Jakarta – Organisasi Kesehatan Dunia (WHO) mendorong negara-negara agar menaikkan harga minuman berpemanis sebagai upaya menekan angka kematian akibat penyakit tidak menular. Selain minuman manis, WHO juga menganjurkan agar produk alkohol dan tembakau dikenakan kenaikan harga serupa.
WHO meminta kebijakan ini diterapkan paling lambat tahun 2035 melalui sistem perpajakan kesehatan, yang diharapkan dapat memicu kenaikan harga hingga 50 persen.
Konsumsi produk tembakau, alkohol, dan minuman berpemanis diketahui menjadi faktor pendorong epidemi penyakit tidak menular (PTM), seperti penyakit jantung, kanker, dan diabetes, yang bertanggung jawab atas lebih dari 75 persen kematian global.
Melalui inisiatif bertajuk ‘3 by 35’, WHO menargetkan langkah ini mampu mencegah 50 juta kematian dini dalam 50 tahun mendatang.
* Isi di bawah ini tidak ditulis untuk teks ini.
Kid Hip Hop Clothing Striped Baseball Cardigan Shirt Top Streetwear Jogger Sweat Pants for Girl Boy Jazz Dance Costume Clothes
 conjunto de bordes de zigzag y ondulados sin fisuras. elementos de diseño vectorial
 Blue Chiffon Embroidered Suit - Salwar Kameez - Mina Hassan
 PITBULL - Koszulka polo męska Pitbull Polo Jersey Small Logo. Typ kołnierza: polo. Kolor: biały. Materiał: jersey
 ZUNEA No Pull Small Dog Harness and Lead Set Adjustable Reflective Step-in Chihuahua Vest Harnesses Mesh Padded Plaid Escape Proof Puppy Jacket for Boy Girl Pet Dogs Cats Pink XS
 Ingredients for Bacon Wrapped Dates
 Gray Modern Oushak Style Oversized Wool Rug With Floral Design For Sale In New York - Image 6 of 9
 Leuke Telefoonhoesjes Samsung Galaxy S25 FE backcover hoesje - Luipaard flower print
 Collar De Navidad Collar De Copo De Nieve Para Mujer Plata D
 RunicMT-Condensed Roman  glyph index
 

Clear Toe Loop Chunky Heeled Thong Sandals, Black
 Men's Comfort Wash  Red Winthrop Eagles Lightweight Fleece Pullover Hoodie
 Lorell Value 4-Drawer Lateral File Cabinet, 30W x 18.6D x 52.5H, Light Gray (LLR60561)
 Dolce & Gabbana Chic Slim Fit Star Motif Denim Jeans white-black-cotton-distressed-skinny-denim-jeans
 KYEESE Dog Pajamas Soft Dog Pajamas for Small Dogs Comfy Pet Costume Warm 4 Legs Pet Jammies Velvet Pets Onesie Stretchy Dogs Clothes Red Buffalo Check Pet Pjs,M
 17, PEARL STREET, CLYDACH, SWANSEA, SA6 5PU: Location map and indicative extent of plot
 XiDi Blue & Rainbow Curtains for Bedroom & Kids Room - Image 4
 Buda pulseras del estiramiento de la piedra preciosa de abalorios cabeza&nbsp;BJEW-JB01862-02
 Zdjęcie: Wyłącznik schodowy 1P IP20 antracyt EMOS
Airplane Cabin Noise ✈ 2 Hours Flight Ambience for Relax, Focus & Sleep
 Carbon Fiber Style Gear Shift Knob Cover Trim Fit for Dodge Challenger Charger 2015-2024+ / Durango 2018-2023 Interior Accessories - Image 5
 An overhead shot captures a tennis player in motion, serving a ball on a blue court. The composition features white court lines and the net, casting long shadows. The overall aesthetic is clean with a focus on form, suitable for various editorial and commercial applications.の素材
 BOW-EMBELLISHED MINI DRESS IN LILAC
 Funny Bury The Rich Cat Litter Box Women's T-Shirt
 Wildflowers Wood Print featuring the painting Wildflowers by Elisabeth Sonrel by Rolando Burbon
“Pajak kesehatan adalah salah satu instrumen paling efektif yang kita miliki,” ungkap dr Jeremy Farrar, Asisten Direktur Jenderal Promosi Kesehatan serta Pencegahan dan Pengendalian Penyakit WHO, dalam pernyataan resminya pada Jumat (4/7/2025).
“Pajak ini menurunkan konsumsi produk berbahaya sekaligus menghasilkan pendapatan yang dapat diinvestasikan kembali oleh pemerintah dalam sektor kesehatan, pendidikan, dan perlindungan sosial. Inilah waktunya untuk bergerak,” tegasnya.
Program tersebut diproyeksikan mampu menghimpun USD 1 triliun selama 10 tahun ke depan. Berdasarkan catatan periode 2012–2022, hampir 140 negara sudah menaikkan pajak atas tembakau, memicu kenaikan harga riil rata-rata lebih dari 50 persen.
Sejumlah negara, mulai dari Kolombia hingga Afrika Selatan, telah memberlakukan pajak kesehatan serupa. Kebijakan ini terbukti menurunkan tingkat konsumsi sekaligus meningkatkan pendapatan negara.
Namun, masih ada negara yang tetap memberikan insentif pajak bagi industri tidak sehat, termasuk sektor tembakau. Kesepakatan investasi jangka panjang dengan industri yang membatasi kenaikan pajak tembakau berpotensi melemahkan sasaran kesehatan nasional.
WHO pun meminta pemerintah meninjau dan menghindari pengecualian tersebut untuk mendukung kontrol tembakau yang lebih efektif serta menjaga kesehatan publik.
WHO juga mengajak negara-negara, organisasi masyarakat sipil, dan mitra pembangunan untuk bersama-sama mendukung kebijakan ini melalui perpajakan yang lebih bijak dan adil demi perlindungan kesehatan masyarakat.